04 August 2015
My friend has sold his flat in January and got the amount in account. Now in which Bond he can invest so as to save the entire capital gain tax.
Under section 54 the seller of the property can claim for tax exemption; to avail the benefits seller must use entire profit (capital gain) to buy another house. The seller has two options, either he can buy another house within two year from sale of property else he can build a house in three years. Buyer can also buy a house 1 year prior to selling the house and still can avail the benefit under section 54. If after selling property, seller has not identified the property yet. The seller has to open a special account i.e. capital gain accounting scheme. All the withdrawal from this account should be made only for purchase of property. However if seller failed to buy a property within three years after selling property the whole amount will exposed to LTCG.

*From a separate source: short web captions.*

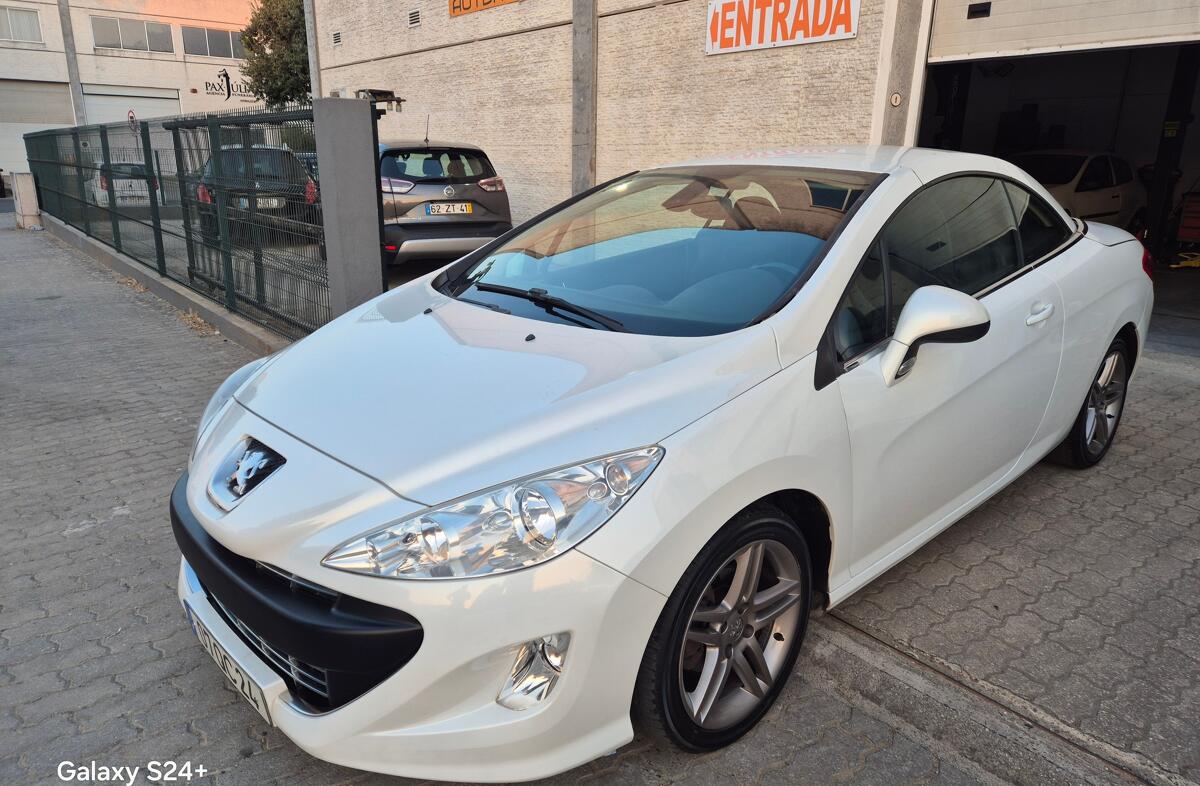 PEUGEOT 308 CC 1.6 HDi Sport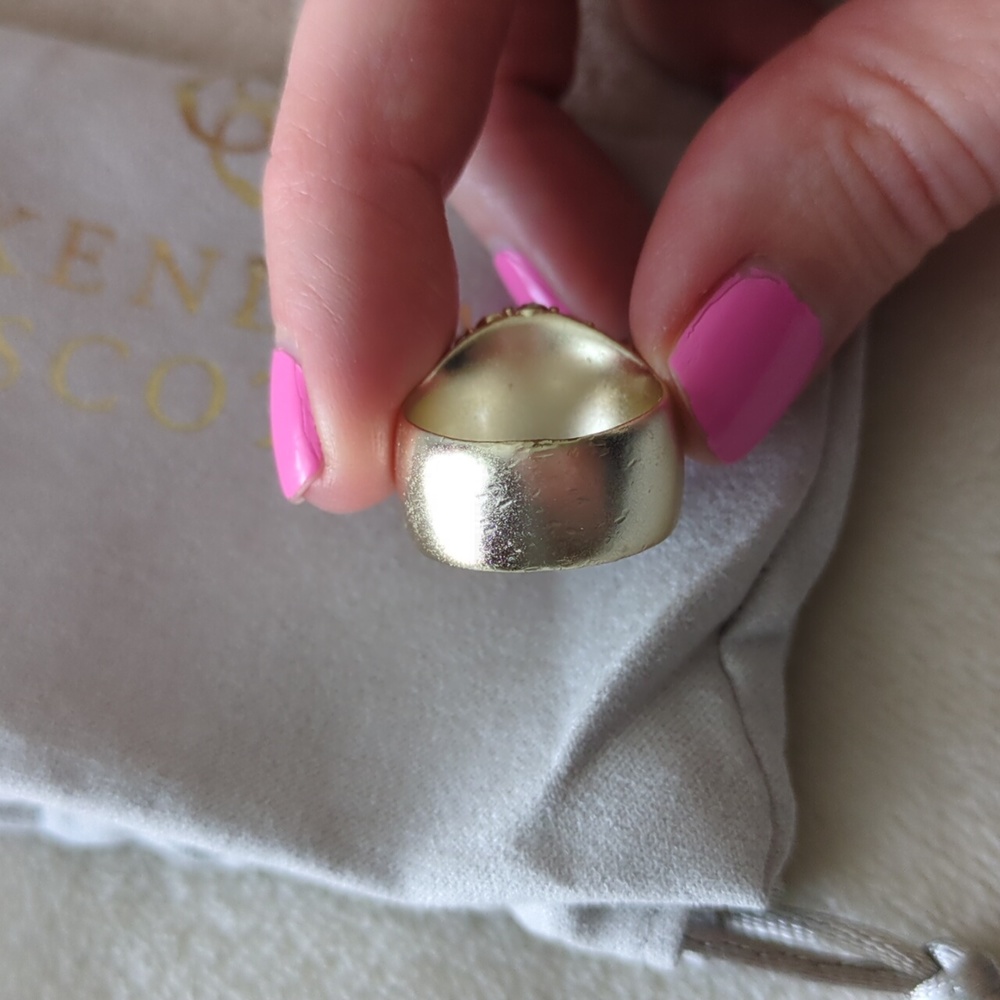 Kendra Scott Schuyler Gold Dichroic Glass Cocktail Ring size 6 - Picture 13 of 16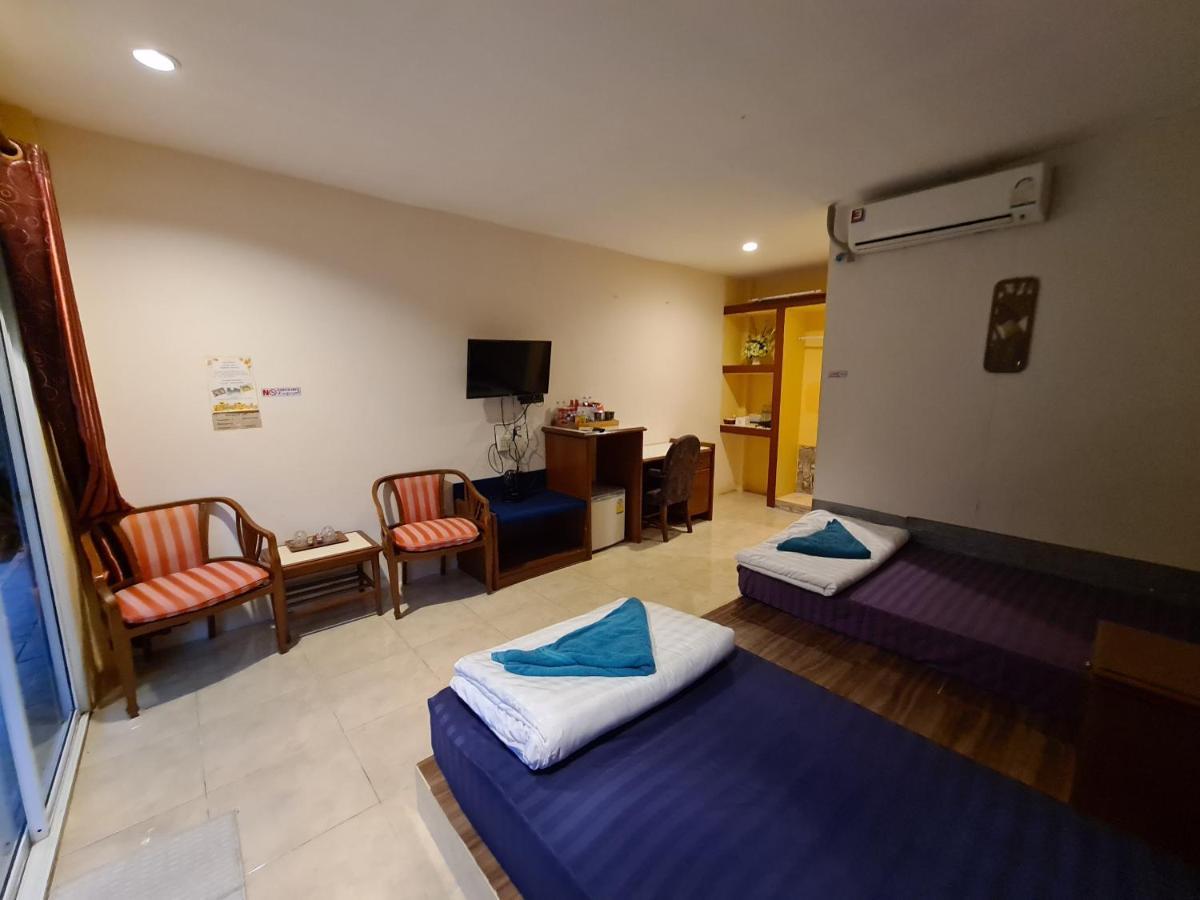 Phutawan Resort Chai Badan Exterior photo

Under section 54 EC, seller can invest in bonds issued by National Highway Authority of India (NHAI) and Rural Electrification Corporation (REC). Limit for exemption under section 54 EC is Rs. 50 Lakh.
However STCG is being added to the person’s income and exposed to normal income tax slabs.
Conclusion To save long term capital gain the seller has to buy a house property within two years of sale of capital asset or construct a house within three years. If seller is not able to identify a property he/she can open a capital gain accounting scheme’s special account and park the money until he finds the property (with limit of 3 years). Seller also can invest money in specific bond up to limit of Rs 50 Lakhs to save LTCG tax.
06 August 2015
Many thanks, Ankur !! It has become very clear now. Just one query, as for buying another house, there is a time bar of 3 years , is there any such time bar for investing in property?
I mean, within how many years or months, the assesse can buy the Bonds to save LTCG?